January 18, 2001
Birthright Israel students take violence in stride, would like to return.
Back in October, 60 UCLA students learned that over winter break they would be going on the trip of a lifetime. They had been chosen from among hundreds of applicants to take part, virtually for free, in UCLA Hillel's Birthright Israel contingent. The Birthright program brings thousands of Jewish students to Israel for 10-day tours that encourage them to discover their own Jewish identity. The 1999 trip had received glowing reviews. But in December 2000, one-third of the UCLA slots were suddenly up for grabs.
The problem, of course, was the ongoing flare-ups of violence that have made some college students and their parents nervous about scheduling a visit to the Jewish homeland. UCLA Hillel, like the other participating chapters nationwide, did its best to reassure the travelers, taking pains to spell out the elaborate security measures that would be in place during their stay. Not everyone was convinced, but UCLA managed to fill a fair number of the vacated spaces with names from the waiting list.

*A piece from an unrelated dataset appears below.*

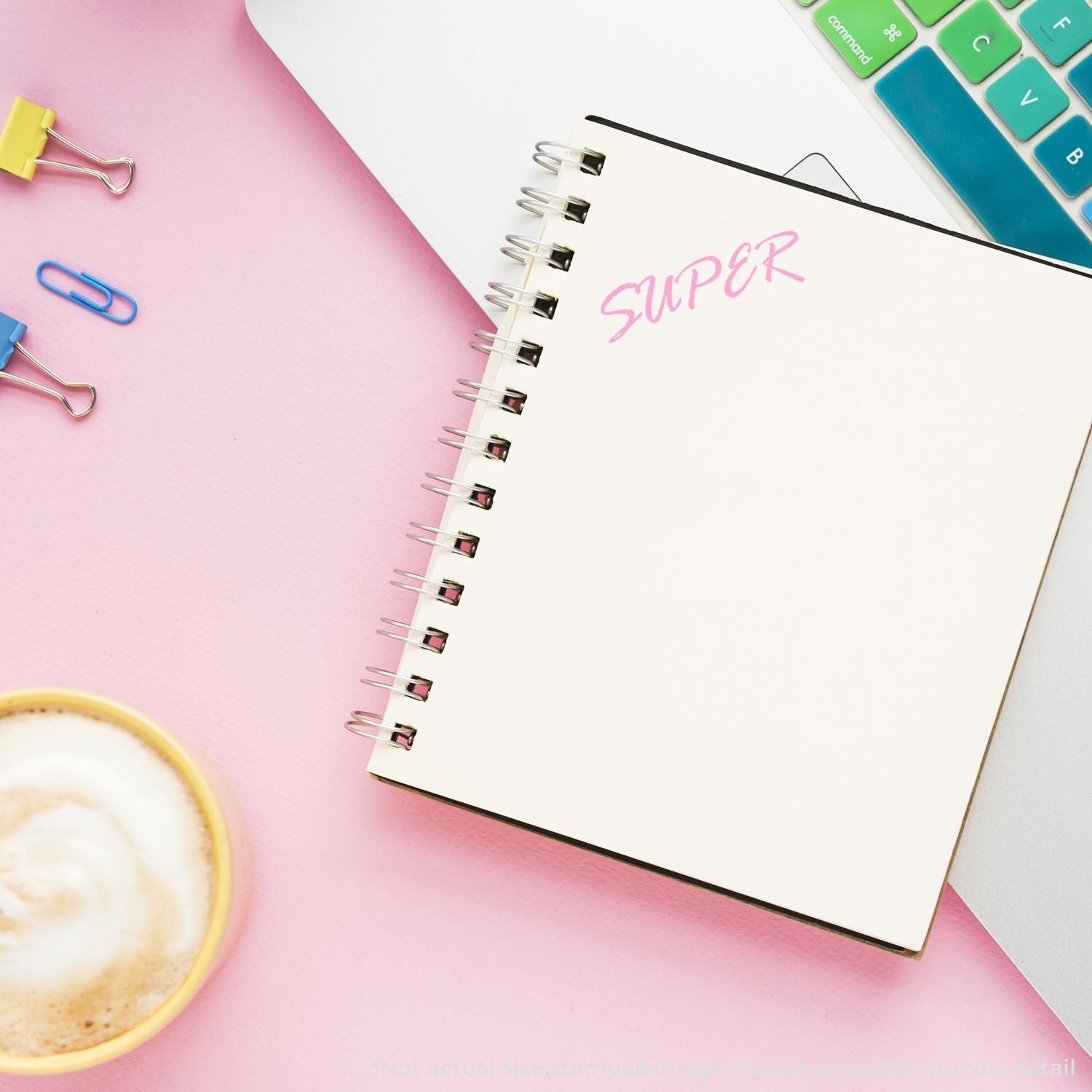 Self Inking Super Stamp imprinting SUPER in pink on a spiral notebook, next to a laptop, coffee cup, and colorful paper clips on a pink desk.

Ultimately, 47 UCLA students made the trip. At some campuses, the high dropout rate proved to be an unexpected boon. The Hillel chapter serving Pierce and Valley colleges was originally entitled to 20 slots. When this group departed on Dec. 31, it had gained an additional 17 travelers. In all, as of the first week in January, some 5,100 young Jews from all over the world had made this winter's Birthright trip. Eight hundred of them hailed from California.
Marlene Post, chairman of Birthright Israel North America, acknowledges that many of the young people had serious concerns when they arrived. Some were additionally shaken when a car bomb exploded in Netanya just one day after their group had visited the city. But the Birthright format allowed them ample opportunity to discuss their fears, and the remainder of their stay in Israel showed them that life goes on. They were encouraged to speak at length to soldiers and others close to their own age, which showed them the stress under which their Israeli counterparts live. Post sees a major benefit in such personal contact: "You start to understand that you are really one people."
Birthright gave each of its participants two 10-minute phone cards, for phoning home in order to allay parents' fears. Many of the cards were put to use on the evening a planeload of UCLA and USC students touched down in Tel Aviv. Upon reaching their hotel, they were quietly informed that there had been a bombing in the city earlier that day. Rebecca Charmack, a USC grad student, was frightened enough to consult the group's rabbi. Later, she was able to be philosophical, recognizing that media reports can blow isolated incidents out of proportion.
Says Charmack, "I go to USC, in the middle of South Central Los Angeles, where there are shootouts and drive-bys every day."
As a new student, she was terrified of walking to her off-campus parking space; later she came to feel completely safe. So too in Israel. When the trip ended, she didn't want to go home, and she looks forward to a return trip some day.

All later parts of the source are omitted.